根据该阈值电平,可以计算任何一个数字传输方案(如二相移相键控(BPSK)、四相移相键控(QPSK)或正交振幅调制(QAM))的误差几率(PE)。通常,所选传输方案的PE是不适用的。PE的提高通过在发送前对数字数据进行编码以及在接收机处对数据进行译码来实现。编码方案由应用要求和信道特性确定。编码要考虑到可以用有效数据速率下降较少的代价进行传输数据的检错和纠错。
采用分组编码和卷积编码等两种编码来提高PE。卷积编码提供良好的纠错能力,但通常输出相关的突发差错。同时,维特比译码器支持软判决的使用,以在使硬件复杂程度的增加最小的情况下改进性能。分组码在与恰当程度的交错组合时已加入突发差错处理能力。事实上,单独的纠错Reed-Solomon分组码可以处理一个码元内的任何突发差错。当仅有卷积编码不能产生所要求的编码增益时,可以采用含有卷积码和分组码的链接码。
Reed-Solomon码是一种强有力的非二进制循环线性分组码,它对任何具有相同输入(k)和输出(n)分组长度的线性码实现值最大的最小距离(dmin)。本申请文件中,采用高端码元来表示分组码的变量,而用低端码元来表示卷积码的变量。Reed-Solomon编码在本领域中是人们所熟知的,该专题的讨论见一些参考文献,包括S.Lin和D.Costello的“Error Control Coding:Fundamental andApplications”(Prentice Hall,1985,第171-176页)。在非二进制码中,将m个位组合起来形成一个码元。对于一个(n,k)Reed-Solomon码,将k个数据码元的分组编码成n个编码码元的分组,称为Reed-Solomon码字。(n,k)Reed-Solomon码能够校正n个码元中多达(n-k)/2个码元的差错。由于n个编码码元是对k个数据码元传送的,所以编码率(或数据速率的减小)是k/n。
在一种系统分组码中,k个数据码元形成码字的开头k个编码码元。按照生成多项式g(x)通过k个数据码元的线性组合形成n-k个奇偶码元。由于Reed-Solomon码的线性、系统性和循环性,可以用简单的移位寄存器和组合逻辑来实现编码处理。译码处理中的第一个步骤是根据接收的n个编码码元计算一组校正子。校正子表示码元差错的位置和值。具体而言,用这些校正子计算差错位置多项式的系数σ(x),并且由该系数计算差错定位值Xi和差错值Yi。由差错定位值和差错值,确定和纠正有差错的码元。

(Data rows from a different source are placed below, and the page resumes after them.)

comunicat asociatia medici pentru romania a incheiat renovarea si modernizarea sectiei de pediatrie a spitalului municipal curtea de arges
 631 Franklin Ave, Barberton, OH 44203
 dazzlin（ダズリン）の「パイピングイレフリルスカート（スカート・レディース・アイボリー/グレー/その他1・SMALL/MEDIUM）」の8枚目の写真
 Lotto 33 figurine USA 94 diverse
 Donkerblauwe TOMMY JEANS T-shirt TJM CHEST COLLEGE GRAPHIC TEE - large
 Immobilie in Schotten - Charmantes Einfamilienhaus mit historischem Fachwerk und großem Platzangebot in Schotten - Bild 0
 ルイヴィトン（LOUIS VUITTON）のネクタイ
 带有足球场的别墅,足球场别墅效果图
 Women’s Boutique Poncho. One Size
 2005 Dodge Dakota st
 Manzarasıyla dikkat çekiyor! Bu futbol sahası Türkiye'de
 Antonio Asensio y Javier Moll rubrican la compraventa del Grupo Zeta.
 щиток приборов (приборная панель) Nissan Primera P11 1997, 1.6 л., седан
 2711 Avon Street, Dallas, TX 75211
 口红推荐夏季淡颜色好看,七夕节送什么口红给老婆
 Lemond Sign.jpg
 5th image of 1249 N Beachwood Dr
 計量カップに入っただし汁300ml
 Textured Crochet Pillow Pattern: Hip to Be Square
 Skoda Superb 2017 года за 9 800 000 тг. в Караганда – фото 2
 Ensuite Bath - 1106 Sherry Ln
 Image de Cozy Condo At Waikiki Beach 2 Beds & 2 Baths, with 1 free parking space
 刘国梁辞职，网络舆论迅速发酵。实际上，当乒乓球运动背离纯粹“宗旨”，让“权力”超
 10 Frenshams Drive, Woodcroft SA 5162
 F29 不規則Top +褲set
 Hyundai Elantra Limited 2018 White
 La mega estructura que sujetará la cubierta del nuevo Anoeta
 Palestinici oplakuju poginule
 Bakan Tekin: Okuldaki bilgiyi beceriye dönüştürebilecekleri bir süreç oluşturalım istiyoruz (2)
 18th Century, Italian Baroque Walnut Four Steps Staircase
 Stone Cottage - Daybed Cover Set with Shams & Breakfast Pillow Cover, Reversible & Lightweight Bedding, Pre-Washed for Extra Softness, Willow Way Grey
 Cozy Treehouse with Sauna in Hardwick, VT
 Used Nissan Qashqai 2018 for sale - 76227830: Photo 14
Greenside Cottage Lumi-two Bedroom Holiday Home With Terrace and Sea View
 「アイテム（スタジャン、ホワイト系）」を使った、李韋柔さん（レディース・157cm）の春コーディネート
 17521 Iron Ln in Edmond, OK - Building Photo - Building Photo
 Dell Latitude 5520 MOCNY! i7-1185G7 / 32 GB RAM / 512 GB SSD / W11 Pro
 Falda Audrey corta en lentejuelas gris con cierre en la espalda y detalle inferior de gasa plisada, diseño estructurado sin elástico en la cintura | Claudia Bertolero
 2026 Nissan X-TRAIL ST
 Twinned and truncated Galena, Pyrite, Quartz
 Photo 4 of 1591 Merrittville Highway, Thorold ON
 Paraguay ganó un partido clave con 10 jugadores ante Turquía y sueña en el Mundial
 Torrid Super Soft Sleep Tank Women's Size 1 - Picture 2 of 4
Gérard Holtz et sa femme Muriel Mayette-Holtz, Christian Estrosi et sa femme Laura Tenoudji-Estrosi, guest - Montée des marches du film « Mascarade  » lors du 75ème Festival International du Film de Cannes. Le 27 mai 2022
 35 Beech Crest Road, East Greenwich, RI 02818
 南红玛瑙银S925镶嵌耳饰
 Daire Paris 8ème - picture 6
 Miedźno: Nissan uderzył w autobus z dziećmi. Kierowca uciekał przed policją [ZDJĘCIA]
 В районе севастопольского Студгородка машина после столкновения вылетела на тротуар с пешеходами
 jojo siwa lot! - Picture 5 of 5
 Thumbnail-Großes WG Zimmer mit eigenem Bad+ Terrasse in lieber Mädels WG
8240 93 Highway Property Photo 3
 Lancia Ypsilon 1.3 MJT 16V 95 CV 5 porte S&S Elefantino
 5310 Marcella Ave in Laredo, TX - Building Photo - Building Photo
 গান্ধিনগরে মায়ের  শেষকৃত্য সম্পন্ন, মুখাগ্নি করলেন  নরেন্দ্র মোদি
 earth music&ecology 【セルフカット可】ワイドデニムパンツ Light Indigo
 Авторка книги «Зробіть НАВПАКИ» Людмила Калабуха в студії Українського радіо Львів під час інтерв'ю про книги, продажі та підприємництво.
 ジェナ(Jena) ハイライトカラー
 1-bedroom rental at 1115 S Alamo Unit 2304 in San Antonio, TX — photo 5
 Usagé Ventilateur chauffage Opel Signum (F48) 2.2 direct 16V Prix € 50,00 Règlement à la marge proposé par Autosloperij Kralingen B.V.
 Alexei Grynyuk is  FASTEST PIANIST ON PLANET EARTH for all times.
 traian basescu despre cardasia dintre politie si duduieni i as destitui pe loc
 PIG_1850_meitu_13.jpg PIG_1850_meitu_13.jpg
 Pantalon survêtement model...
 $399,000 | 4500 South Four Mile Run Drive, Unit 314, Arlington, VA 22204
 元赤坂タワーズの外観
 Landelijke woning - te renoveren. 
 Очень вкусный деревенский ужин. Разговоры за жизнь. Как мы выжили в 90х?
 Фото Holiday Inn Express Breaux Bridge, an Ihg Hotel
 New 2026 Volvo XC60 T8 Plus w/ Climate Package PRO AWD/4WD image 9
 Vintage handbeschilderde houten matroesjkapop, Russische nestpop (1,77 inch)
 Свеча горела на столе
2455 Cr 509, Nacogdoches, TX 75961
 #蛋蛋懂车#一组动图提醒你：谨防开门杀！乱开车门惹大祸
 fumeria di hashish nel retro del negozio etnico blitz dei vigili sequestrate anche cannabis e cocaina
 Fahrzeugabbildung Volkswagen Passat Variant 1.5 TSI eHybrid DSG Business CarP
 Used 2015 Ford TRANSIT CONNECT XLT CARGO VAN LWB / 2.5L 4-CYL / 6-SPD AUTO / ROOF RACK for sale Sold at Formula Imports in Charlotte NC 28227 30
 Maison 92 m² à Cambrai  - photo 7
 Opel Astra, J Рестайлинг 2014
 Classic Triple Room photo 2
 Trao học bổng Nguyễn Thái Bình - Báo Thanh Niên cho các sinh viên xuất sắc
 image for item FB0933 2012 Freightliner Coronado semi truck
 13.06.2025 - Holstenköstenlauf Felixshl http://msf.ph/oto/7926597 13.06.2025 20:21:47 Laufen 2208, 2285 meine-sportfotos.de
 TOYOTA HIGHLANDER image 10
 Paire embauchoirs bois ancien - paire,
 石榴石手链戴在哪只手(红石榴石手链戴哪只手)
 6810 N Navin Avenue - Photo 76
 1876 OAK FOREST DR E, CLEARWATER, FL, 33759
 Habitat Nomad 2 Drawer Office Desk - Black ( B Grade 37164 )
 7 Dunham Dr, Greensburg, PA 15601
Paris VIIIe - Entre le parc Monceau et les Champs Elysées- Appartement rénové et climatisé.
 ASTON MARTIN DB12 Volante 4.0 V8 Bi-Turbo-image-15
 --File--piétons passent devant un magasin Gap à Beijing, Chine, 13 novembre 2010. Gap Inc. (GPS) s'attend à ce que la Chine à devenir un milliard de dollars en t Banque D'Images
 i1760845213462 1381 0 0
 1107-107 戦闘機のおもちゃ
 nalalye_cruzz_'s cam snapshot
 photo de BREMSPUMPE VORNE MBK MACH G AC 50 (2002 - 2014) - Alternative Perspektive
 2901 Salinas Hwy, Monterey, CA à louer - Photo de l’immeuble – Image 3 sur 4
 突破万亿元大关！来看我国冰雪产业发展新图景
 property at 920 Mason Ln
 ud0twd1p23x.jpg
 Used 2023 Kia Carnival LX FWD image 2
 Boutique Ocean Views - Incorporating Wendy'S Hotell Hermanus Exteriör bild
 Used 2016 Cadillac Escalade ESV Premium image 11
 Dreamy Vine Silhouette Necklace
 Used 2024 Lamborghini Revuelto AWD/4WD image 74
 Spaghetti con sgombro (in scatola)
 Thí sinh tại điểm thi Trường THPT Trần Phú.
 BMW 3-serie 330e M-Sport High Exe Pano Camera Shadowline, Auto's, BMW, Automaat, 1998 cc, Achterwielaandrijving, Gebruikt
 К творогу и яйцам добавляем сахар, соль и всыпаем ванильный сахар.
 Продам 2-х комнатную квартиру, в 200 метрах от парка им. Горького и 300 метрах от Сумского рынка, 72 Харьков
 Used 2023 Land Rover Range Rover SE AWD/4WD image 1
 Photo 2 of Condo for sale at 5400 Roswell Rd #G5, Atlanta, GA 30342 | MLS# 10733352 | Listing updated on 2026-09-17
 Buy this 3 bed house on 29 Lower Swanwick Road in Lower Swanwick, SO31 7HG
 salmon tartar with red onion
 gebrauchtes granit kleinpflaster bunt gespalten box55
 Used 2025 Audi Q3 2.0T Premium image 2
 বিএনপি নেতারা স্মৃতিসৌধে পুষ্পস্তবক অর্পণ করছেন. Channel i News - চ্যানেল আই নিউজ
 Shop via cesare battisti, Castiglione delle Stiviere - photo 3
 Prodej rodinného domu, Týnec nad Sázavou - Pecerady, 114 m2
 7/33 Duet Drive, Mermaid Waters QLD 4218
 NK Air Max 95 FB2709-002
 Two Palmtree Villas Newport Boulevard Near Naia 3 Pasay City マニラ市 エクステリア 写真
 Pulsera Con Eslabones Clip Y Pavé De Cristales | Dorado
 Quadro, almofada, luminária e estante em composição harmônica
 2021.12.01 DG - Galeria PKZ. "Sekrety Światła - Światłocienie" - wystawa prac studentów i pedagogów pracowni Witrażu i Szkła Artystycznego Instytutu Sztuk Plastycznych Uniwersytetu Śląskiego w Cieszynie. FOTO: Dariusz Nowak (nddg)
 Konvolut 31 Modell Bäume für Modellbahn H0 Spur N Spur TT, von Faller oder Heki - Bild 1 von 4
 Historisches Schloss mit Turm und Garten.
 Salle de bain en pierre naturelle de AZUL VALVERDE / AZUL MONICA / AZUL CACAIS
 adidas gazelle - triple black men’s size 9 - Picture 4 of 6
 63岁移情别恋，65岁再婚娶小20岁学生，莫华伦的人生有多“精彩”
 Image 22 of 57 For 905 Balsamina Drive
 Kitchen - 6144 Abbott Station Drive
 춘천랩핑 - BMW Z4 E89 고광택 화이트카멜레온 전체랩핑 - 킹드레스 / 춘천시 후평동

1/N比率的卷积编码器将每一输入的位按照一组N个生成多项式编码成N个编码位,称为编码分支。每一生成多项式G(x)计算一个编码位。将N个编码位组合成一个N位的编码分支。编码器的约束长度K是编码处理中使用的数据位的数目,并确定编码的纠错能力。长的约束长度K具有较好的性能,但硬件和计算复杂。一个状态用K-1个先前输入二进制位表示,因而有2K-1种状态。对于2K-1个状态中的每一个状态,一个‘0’或‘1’输入编码位会产生两个编码分支中的一个分支。由于每一输入为被编码成N个编码位,所以卷积编码器的编码率是1/N。其他的编码率可以通过减缩编码位从1/N码中得到。收缩码的完全处理见J.Cain、G.Clark和J.Geist的论文“Punctured Convolutional Codes ofRate(n-1)/nand Simplified Maximun Likelihood Decoding”(IEEE Transaction on InformationTheory,IT-25,pgs 97-100,Jan 1979)。
采用维特比算法在接收机处对发送编码分支进行译码。有关维特比译码器的理论和操作的讨论见A.Viterbi在IEEE Transaction on Communication Technology,Vol COM19,no.5,Oct 1971,pgs 821-835中的论文:“Convolutional Codes andTheir Performance in Communication System”。在有关信道噪声的某些假设下,维特比算法执行发送数据路径的最大似然译码。对于每一接收编码分支,计算进入每一状态的所有分支的分支度量,并加到相应的先前路径度量上。选择进入每一状态的最佳路径,并存储作为新的度量。将选择的路径存储在路径存储器中。1983年9月在Phoenic AZ举行的第六届数字卫星通信的国际会议上发表的“Development of Variable Rate Viterbi Decoder and its PerformanceCharacteristics”中Y.Yasuda等人指出,具有最低路径度量的幸存路径都在某一回链深度以后汇聚到相同的路径。因此,通过对路径反向跟踪至少一段回链距离就得到经维特比译码的位。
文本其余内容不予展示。